## Exercise requirements
Pictures stay out of the copy; output exactly the lines from the one containing "Charlotte - Women's" through the end of the material.

## Given data
★ ★ ★ ★ ★

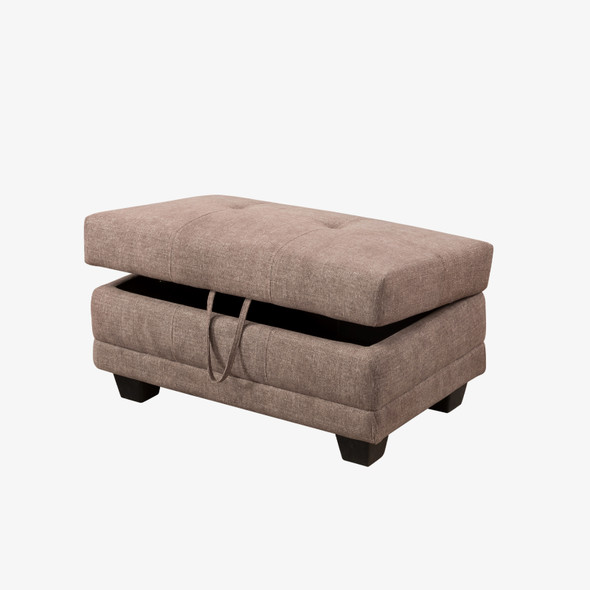Brown Linen-Leather Lift-Top Storage Ottoman with Tufted Cushion and Tapered
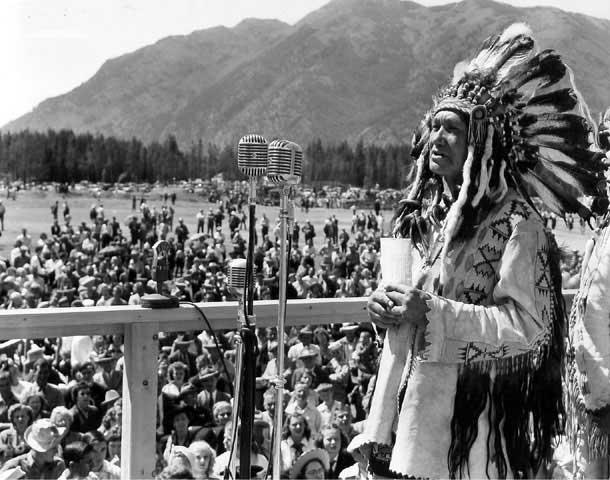 During the celebration Francis Xavier-Gardippe handled ceremonies to make Assistant Secretary of the Interior William E. Warne and Commissioner Michael W. Straus members of the Blackfoot Indian Tribe.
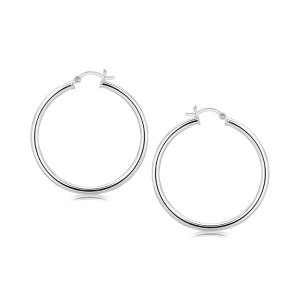 Unbranded 03004 Sterling Silver Rhodium Plated Large Polished Classic 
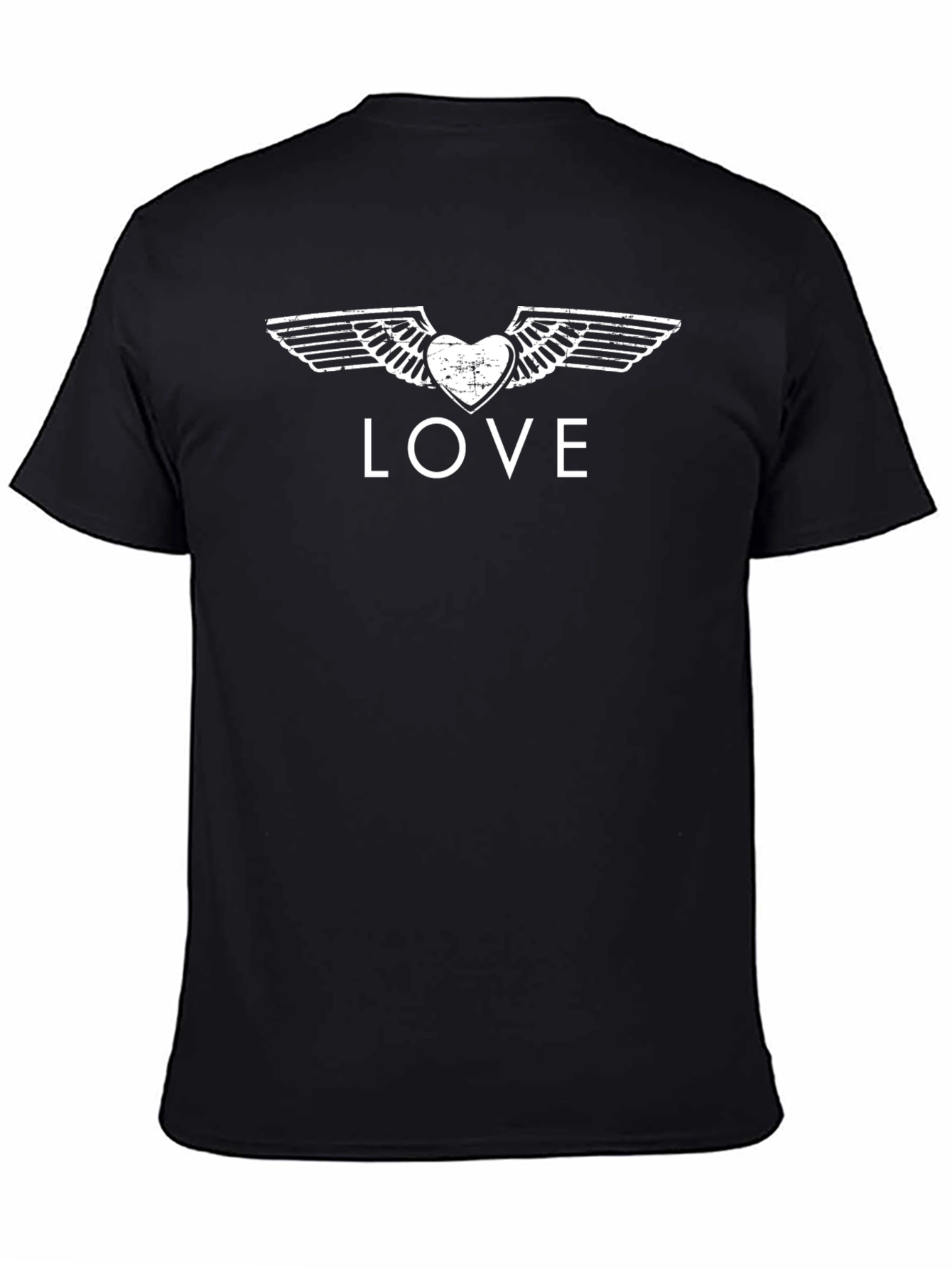 Winged Heart Love Tee - Classic Black
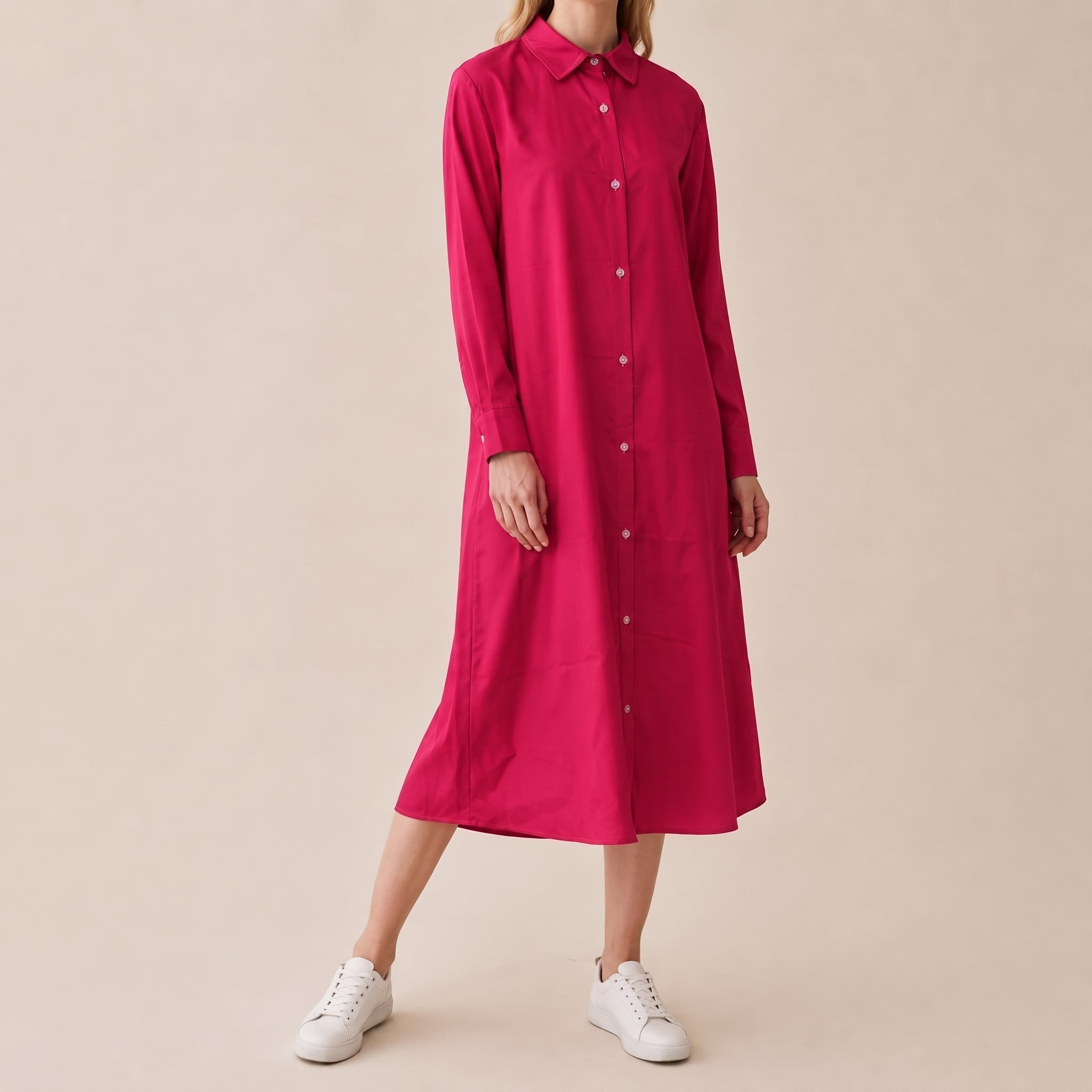 Charlotte - Women's Summer Button-Down Shirt Midi Dress - Dresses - Rose Red - Parker&Brooks
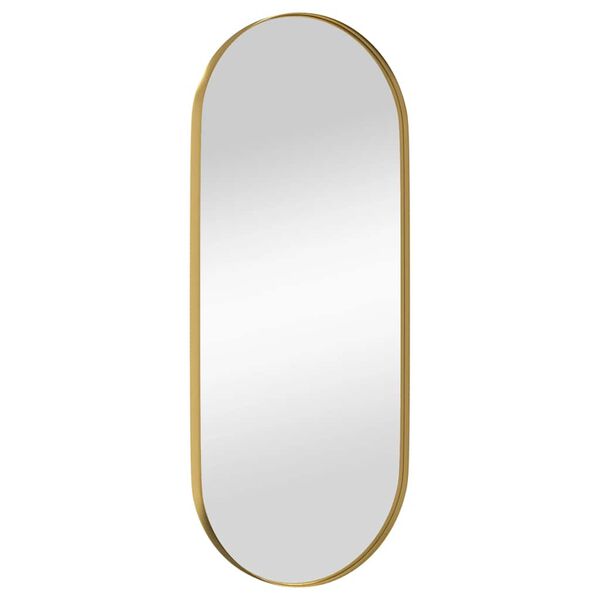 vidaXL Wall-mounted Mirror Gold 25x60 cm Oval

★ ★ ★ ★ ★

## Response to this task
 Charlotte - Women's Summer Button-Down Shirt Midi Dress - Dresses - Rose Red - Parker&Brooks
 vidaXL Wall-mounted Mirror Gold 25x60 cm Oval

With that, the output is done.